There is a lot of information regarding the importance of reading aloud to young children.  While parents are constantly bombarded with information on how to get their child to become a better reader, or how to get their child to love to read, or how to read aloud to their child, there seems to be much less information on how parents can foster the development of writing skills in their child.

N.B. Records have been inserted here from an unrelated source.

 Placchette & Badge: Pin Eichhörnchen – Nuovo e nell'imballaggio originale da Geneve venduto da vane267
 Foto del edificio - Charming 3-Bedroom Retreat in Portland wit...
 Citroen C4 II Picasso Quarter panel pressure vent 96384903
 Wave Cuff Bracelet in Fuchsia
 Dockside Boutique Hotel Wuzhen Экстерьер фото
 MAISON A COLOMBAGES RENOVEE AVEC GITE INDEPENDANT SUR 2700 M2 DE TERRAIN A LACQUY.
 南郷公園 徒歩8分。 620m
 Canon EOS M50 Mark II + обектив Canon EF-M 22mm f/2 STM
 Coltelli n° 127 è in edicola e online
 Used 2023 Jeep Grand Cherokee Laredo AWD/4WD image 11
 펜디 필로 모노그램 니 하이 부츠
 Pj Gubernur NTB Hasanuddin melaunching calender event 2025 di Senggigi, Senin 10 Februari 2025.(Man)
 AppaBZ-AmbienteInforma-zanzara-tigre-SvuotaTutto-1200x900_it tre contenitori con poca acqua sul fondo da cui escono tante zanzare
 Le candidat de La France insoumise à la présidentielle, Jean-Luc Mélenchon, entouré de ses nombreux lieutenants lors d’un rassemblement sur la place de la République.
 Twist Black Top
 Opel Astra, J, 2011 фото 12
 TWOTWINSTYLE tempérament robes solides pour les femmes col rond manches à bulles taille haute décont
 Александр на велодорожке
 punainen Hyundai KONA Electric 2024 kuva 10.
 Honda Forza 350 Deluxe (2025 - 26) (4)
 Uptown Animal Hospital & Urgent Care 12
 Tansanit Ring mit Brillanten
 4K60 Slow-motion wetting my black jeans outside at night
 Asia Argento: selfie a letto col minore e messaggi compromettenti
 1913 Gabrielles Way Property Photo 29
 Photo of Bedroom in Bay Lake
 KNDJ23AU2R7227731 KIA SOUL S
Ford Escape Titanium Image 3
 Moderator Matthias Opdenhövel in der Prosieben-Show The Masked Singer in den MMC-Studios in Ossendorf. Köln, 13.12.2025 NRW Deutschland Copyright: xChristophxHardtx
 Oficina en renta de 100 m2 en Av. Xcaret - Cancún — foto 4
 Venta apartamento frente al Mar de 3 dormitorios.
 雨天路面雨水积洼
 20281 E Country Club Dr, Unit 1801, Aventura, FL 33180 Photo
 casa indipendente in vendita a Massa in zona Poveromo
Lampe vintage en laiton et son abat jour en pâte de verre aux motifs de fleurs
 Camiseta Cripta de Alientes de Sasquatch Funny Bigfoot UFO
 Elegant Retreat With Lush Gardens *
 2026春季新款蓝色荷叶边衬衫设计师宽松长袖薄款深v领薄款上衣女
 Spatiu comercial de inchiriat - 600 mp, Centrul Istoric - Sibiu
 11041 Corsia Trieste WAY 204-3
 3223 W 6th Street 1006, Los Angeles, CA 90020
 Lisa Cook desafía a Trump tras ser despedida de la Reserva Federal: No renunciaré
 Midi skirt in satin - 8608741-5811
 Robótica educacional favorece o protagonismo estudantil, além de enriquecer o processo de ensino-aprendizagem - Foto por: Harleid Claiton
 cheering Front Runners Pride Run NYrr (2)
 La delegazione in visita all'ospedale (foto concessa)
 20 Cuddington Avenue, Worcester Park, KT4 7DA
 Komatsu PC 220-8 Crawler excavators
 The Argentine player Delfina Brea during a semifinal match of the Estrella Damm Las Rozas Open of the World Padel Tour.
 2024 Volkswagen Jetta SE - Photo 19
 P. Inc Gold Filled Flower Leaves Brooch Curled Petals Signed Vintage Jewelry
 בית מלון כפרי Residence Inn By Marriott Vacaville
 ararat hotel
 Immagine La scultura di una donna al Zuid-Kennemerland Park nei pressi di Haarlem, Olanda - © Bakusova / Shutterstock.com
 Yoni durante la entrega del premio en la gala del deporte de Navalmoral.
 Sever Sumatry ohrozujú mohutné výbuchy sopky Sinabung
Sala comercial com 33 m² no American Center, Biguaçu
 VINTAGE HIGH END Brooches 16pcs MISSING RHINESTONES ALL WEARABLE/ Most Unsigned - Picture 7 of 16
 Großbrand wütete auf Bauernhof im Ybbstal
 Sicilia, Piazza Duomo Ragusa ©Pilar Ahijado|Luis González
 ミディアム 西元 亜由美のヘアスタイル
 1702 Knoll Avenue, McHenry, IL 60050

And, writing is the other half of the literacy equation.  I think Pam Allyn (2011), Executive Director and founder of LitWorld, describes the relationship between reading and writing best in her book titled Your Child's Writing Life: How to Inspire Confidence, Creativity, and Skill at Every Age,

"Reading and writing are inextricably connected in ways that current research in education is showing to be more remarkable than we've ever understood before.  It is a constant circle and we are too often missing half of it. A child who reads regularly is a better writer. A child who writes regularly is a better reader. While reading, a child is ingesting words, and by writing he is practicing with them. Reading is like breathing in, writing is like breathing out."
(pg 9)

Much like the journey of learning to read that can and should begin at a very young age, the development of writing skills can and should begin with babies and toddlers, too.

Yes, you can begin to raise a reader and a writer from birth.

Here are few ways to help your child develop readiness skills in writing.  Some of these suggestions are things that may come naturally, such as play, but others may take a little time and effort on your part.  But, I encourage you to start today!

1) give your child the gift of play time.

Play (both solitary or group play, and guided play) is a fabulous skill builder.  In fact, it not only helps your child to gain reading skills, social skills, motor skills, and listening skills, but it even helps to foster the development of writing skills.  How?  According to Allyn (2011), play helps children learn narrative, time, and setting - three important elements of writing.

2) be a model writer.

It's not a secret that children learn through observation.  In fact, famed psychologist Albert Bandura proposed social learning theory decades and decades ago.  Parents who want their children to read more, should model good reading behaviors.  The same goes for writing.

Write out your grocery list.  Carry a notebook and jot down ideas as they come to you.  Take the time to write thank you notes to friends and family.  Keep a journal.

My notebook that travels with me in every room of our house;
as you can see, a little baby bookworm wanted to write in it too!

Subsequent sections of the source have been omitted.